Problem requirements →
Here the job is to transcribe the data exactly while omitting the images.

Provided data →
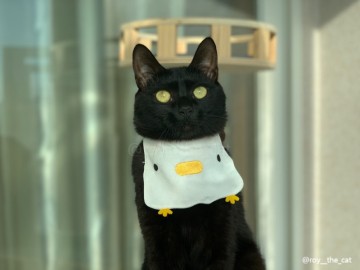 고양이케이프 퍼룸 깜찍한 오리 턱받이 옷 귀여움 증폭! 검은고양이에게 찰떡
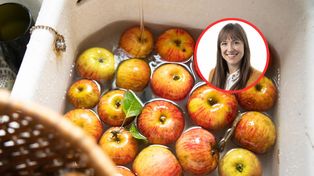 Toksyczne dla bakterii jelitowych. "Zaskoczyła nas siła ich działania"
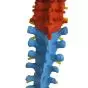 Columna vertebral con pelvis flexible versión didáctica Mediprem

Answer for the task →
 고양이케이프 퍼룸 깜찍한 오리 턱받이 옷 귀여움 증폭! 검은고양이에게 찰떡
 Toksyczne dla bakterii jelitowych. "Zaskoczyła nas siła ich działania"
 Columna vertebral con pelvis flexible versión didáctica Mediprem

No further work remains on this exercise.